Вспомнилось: брат Минеюшко бродил по Руси вовсе раздемши, но и те несносимые мытарства пересиливал молитвенной душою.
... Только бы не заснуть. А так хотелось залезть под еловую выскеть, как в берлогу, приторкнуть колени к подбородку, да и отплыть на долгий отдых. Тамо, через реку смерти, сказывали, хороший перевозчик служит, дорого не берет, пятиалтынного хватит, только не груби и не задирайся с ним...
А обратно в тюремку хода нет. Пусть и медом стоялым встретят и сдобными перепечами.
... Любим обломил сук потяжельше и на палой колодине умягчил, исколотил замерзшее платье, кое-как прикрыл наготу и стал бегать вкруг дерева, дожидаясь рассвета. Эх, сейчас бы зверя сохатого завалить, свернуть бы ему шею, да содрать шкуру и завернуться в нее, а напившись парной кровушки, просунуть ноги во вспоротую брюшину и вдоволь наестись мяса сырого с ножа: тогда и сам черт не страшен. А еще лучше разбитную молодку привести бы за косы от кружечного двора и, обмывши ее хорошенько в баенке, привалить под бок. Но совсем бы ладно, кабы...
... Любим бегал, пока не забрезжило. Хрустел, сверкал снег под луною. Ноги поначалу горели огнем, а после отерпли, иль онемели, иль отмерзли совсем. Знать, скоро обломятся, как мерзлые сучья. Да и пропасть тут совсем... Братец Феодор всю Русь изошел босым; сказывал, де, поначалу от боли криком кричал. А после ничего, приобык... Был бы нож, надрал бы бересты и сшил бы ступни, наклал вместо стелек моху-ягелю, и никаких тебе валяных пимов не надо. Раньше бы подумать, накануне что-то сделать, но день-то короток, да и шибко угорел тогда от беды. Когда становилось невозможно, Любим сдирал с плеч кафтан и топтался на нем; ноги отходили, но от боли, казалось, запирало сердце. На свету, еще не выходя из леса, Любим вырыл из-под снега трухлявую березовую колоду, надрал с нее кожи, кой-как, трясущимися руками изладил пленицы, но на десятом шагу, пока выходил к взморью, они рассыпались. Надо думать, как достать огня...

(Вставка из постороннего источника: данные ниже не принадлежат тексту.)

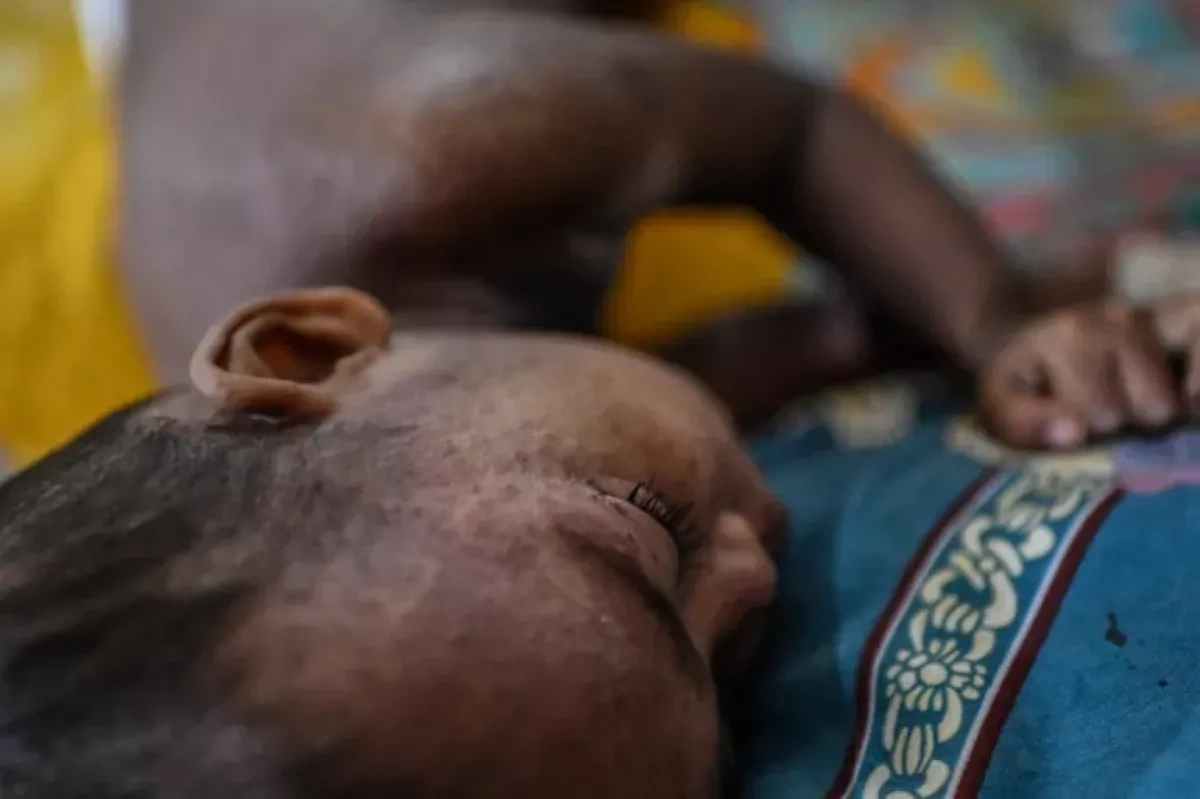 Why did Bangladesh’s record measles vaccine drive fail to stop 1,000 deaths?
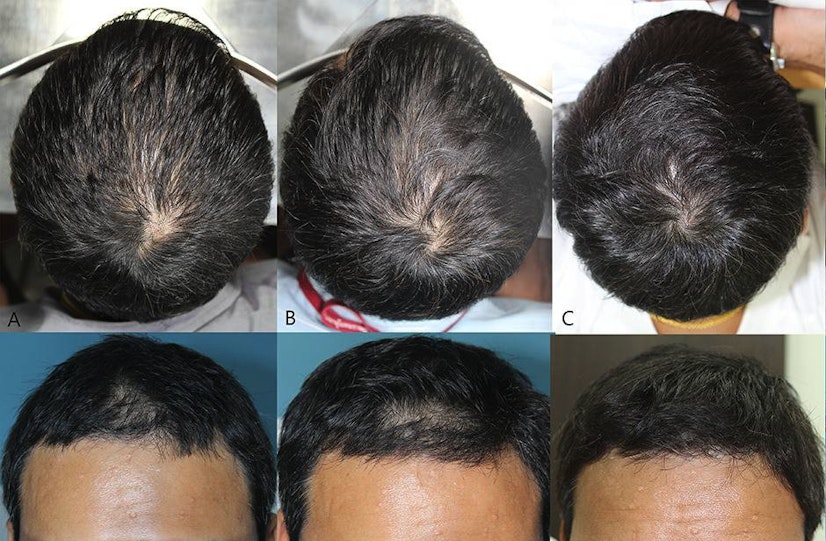 Oral minoxidil before and after photos of a man at the start of treatment, after 12 weeks, and after 24 weeks - showing crown and hairline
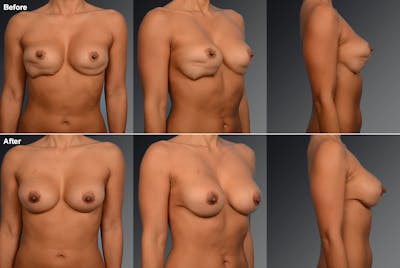 Breast Implant Revision Before & After Gallery - Patient 105534308 - Image 1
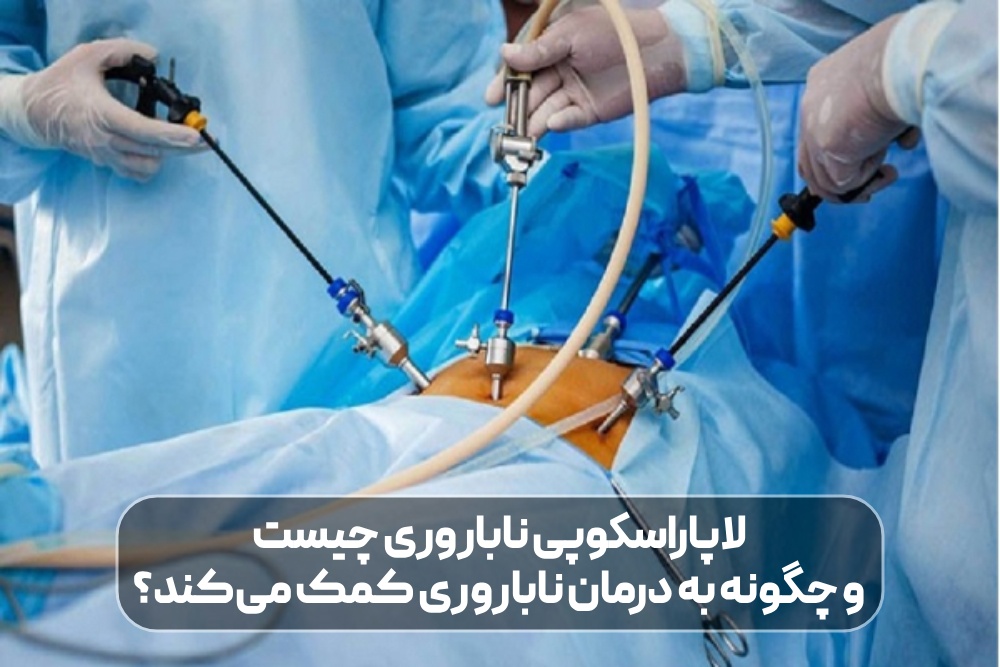 لاپاراسکوپی ناباروری چیست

Любим выбрел на песчаную косу и поначалу ослеп от голубого сияния; припайный лед угрюмо и плотно заставил море, куда хватал взгляд; тучи поразогнало, и море ослепительно сверкало, одетое в венчальное платье. Казалось, иди пеши во все концы, везде тебе прямая дорога к дому. Но Любим-то знал, что верст за пять льды кончатся и встретит тебя бессонная беспокойная вода; ветер подует с горы, льды оживут, полезут друг на друга и с грохотом похоронят безмозглого человечка в своей погребице...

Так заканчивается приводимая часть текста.